Source information
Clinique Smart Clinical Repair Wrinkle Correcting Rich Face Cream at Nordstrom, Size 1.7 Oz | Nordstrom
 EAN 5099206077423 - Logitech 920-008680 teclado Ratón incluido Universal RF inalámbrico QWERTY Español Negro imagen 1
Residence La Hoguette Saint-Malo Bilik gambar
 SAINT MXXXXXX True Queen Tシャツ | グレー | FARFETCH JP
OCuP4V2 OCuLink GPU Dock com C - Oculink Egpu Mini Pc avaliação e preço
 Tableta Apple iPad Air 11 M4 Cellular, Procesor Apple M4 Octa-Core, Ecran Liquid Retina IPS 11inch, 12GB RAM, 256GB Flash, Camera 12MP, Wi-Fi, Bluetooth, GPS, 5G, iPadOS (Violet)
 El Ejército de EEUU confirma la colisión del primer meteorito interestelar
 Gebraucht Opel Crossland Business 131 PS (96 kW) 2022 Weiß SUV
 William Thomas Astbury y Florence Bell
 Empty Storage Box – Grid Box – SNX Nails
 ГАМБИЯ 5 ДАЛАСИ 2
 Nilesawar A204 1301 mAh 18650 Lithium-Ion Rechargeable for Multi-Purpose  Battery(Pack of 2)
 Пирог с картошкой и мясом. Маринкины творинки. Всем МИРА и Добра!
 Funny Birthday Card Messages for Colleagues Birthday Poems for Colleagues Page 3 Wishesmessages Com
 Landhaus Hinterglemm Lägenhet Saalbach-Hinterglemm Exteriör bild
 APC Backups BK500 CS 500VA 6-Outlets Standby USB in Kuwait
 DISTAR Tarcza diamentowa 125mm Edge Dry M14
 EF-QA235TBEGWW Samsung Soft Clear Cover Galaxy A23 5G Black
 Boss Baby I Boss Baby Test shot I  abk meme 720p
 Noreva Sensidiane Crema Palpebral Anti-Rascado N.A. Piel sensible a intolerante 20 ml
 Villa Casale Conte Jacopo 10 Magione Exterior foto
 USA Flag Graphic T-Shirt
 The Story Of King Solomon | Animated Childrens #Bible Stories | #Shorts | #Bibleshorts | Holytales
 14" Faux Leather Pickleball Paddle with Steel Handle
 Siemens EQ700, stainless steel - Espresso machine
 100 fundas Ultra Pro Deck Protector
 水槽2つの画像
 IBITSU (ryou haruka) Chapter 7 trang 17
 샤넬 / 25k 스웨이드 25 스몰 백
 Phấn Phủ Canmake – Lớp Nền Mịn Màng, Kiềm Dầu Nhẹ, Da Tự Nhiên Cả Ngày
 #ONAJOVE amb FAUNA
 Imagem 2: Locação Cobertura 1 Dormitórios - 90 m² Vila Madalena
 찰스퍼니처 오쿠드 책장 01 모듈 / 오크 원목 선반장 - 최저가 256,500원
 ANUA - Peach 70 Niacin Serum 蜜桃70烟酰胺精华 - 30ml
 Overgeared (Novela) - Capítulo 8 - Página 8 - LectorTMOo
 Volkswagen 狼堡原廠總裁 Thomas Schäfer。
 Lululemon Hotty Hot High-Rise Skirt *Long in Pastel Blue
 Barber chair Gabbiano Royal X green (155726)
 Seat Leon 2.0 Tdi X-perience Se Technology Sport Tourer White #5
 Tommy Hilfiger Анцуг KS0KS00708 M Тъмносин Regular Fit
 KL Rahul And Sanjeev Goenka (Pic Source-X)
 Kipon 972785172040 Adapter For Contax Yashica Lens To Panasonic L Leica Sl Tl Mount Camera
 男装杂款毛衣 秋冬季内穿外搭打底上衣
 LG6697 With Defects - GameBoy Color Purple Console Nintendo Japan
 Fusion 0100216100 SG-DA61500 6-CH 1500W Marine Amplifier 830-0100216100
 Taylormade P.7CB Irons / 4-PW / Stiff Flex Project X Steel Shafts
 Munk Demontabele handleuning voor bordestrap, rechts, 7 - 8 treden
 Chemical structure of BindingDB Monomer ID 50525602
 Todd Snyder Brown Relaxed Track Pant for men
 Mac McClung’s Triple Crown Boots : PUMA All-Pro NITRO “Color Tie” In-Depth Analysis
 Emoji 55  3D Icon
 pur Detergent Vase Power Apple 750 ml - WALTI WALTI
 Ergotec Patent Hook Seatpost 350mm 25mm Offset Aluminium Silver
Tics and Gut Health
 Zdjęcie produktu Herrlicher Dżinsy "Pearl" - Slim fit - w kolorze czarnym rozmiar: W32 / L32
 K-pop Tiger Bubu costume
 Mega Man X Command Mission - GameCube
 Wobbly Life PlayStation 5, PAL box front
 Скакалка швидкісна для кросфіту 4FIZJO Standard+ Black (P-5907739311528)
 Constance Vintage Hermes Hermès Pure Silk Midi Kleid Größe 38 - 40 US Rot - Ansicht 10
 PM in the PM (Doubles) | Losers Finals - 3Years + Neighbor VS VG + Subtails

Exercise
The records above are to be output in full and without error.

Response to the task
Clinique Smart Clinical Repair Wrinkle Correcting Rich Face Cream at Nordstrom, Size 1.7 Oz | Nordstrom
 EAN 5099206077423 - Logitech 920-008680 teclado Ratón incluido Universal RF inalámbrico QWERTY Español Negro imagen 1
Residence La Hoguette Saint-Malo Bilik gambar
 SAINT MXXXXXX True Queen Tシャツ | グレー | FARFETCH JP
OCuP4V2 OCuLink GPU Dock com C - Oculink Egpu Mini Pc avaliação e preço
 Tableta Apple iPad Air 11 M4 Cellular, Procesor Apple M4 Octa-Core, Ecran Liquid Retina IPS 11inch, 12GB RAM, 256GB Flash, Camera 12MP, Wi-Fi, Bluetooth, GPS, 5G, iPadOS (Violet)
 El Ejército de EEUU confirma la colisión del primer meteorito interestelar
 Gebraucht Opel Crossland Business 131 PS (96 kW) 2022 Weiß SUV
 William Thomas Astbury y Florence Bell
 Empty Storage Box – Grid Box – SNX Nails
 ГАМБИЯ 5 ДАЛАСИ 2
 Nilesawar A204 1301 mAh 18650 Lithium-Ion Rechargeable for Multi-Purpose  Battery(Pack of 2)
 Пирог с картошкой и мясом. Маринкины творинки. Всем МИРА и Добра!
 Funny Birthday Card Messages for Colleagues Birthday Poems for Colleagues Page 3 Wishesmessages Com
 Landhaus Hinterglemm Lägenhet Saalbach-Hinterglemm Exteriör bild
 APC Backups BK500 CS 500VA 6-Outlets Standby USB in Kuwait
 DISTAR Tarcza diamentowa 125mm Edge Dry M14
 EF-QA235TBEGWW Samsung Soft Clear Cover Galaxy A23 5G Black
 Boss Baby I Boss Baby Test shot I  abk meme 720p
 Noreva Sensidiane Crema Palpebral Anti-Rascado N.A. Piel sensible a intolerante 20 ml
 Villa Casale Conte Jacopo 10 Magione Exterior foto
 USA Flag Graphic T-Shirt
 The Story Of King Solomon | Animated Childrens #Bible Stories | #Shorts | #Bibleshorts | Holytales
 14" Faux Leather Pickleball Paddle with Steel Handle
 Siemens EQ700, stainless steel - Espresso machine
 100 fundas Ultra Pro Deck Protector
 水槽2つの画像
 IBITSU (ryou haruka) Chapter 7 trang 17
 샤넬 / 25k 스웨이드 25 스몰 백
 Phấn Phủ Canmake – Lớp Nền Mịn Màng, Kiềm Dầu Nhẹ, Da Tự Nhiên Cả Ngày
 #ONAJOVE amb FAUNA
 Imagem 2: Locação Cobertura 1 Dormitórios - 90 m² Vila Madalena
 찰스퍼니처 오쿠드 책장 01 모듈 / 오크 원목 선반장 - 최저가 256,500원
 ANUA - Peach 70 Niacin Serum 蜜桃70烟酰胺精华 - 30ml
 Overgeared (Novela) - Capítulo 8 - Página 8 - LectorTMOo
 Volkswagen 狼堡原廠總裁 Thomas Schäfer。
 Lululemon Hotty Hot High-Rise Skirt *Long in Pastel Blue
 Barber chair Gabbiano Royal X green (155726)
 Seat Leon 2.0 Tdi X-perience Se Technology Sport Tourer White #5
 Tommy Hilfiger Анцуг KS0KS00708 M Тъмносин Regular Fit
 KL Rahul And Sanjeev Goenka (Pic Source-X)
 Kipon 972785172040 Adapter For Contax Yashica Lens To Panasonic L Leica Sl Tl Mount Camera
 男装杂款毛衣 秋冬季内穿外搭打底上衣
 LG6697 With Defects - GameBoy Color Purple Console Nintendo Japan
 Fusion 0100216100 SG-DA61500 6-CH 1500W Marine Amplifier 830-0100216100
 Taylormade P.7CB Irons / 4-PW / Stiff Flex Project X Steel Shafts
 Munk Demontabele handleuning voor bordestrap, rechts, 7 - 8 treden
 Chemical structure of BindingDB Monomer ID 50525602
 Todd Snyder Brown Relaxed Track Pant for men
 Mac McClung’s Triple Crown Boots : PUMA All-Pro NITRO “Color Tie” In-Depth Analysis
 Emoji 55  3D Icon
 pur Detergent Vase Power Apple 750 ml - WALTI WALTI
 Ergotec Patent Hook Seatpost 350mm 25mm Offset Aluminium Silver
Tics and Gut Health
 Zdjęcie produktu Herrlicher Dżinsy "Pearl" - Slim fit - w kolorze czarnym rozmiar: W32 / L32
 K-pop Tiger Bubu costume
 Mega Man X Command Mission - GameCube
 Wobbly Life PlayStation 5, PAL box front
 Скакалка швидкісна для кросфіту 4FIZJO Standard+ Black (P-5907739311528)
 Constance Vintage Hermes Hermès Pure Silk Midi Kleid Größe 38 - 40 US Rot - Ansicht 10
 PM in the PM (Doubles) | Losers Finals - 3Years + Neighbor VS VG + Subtails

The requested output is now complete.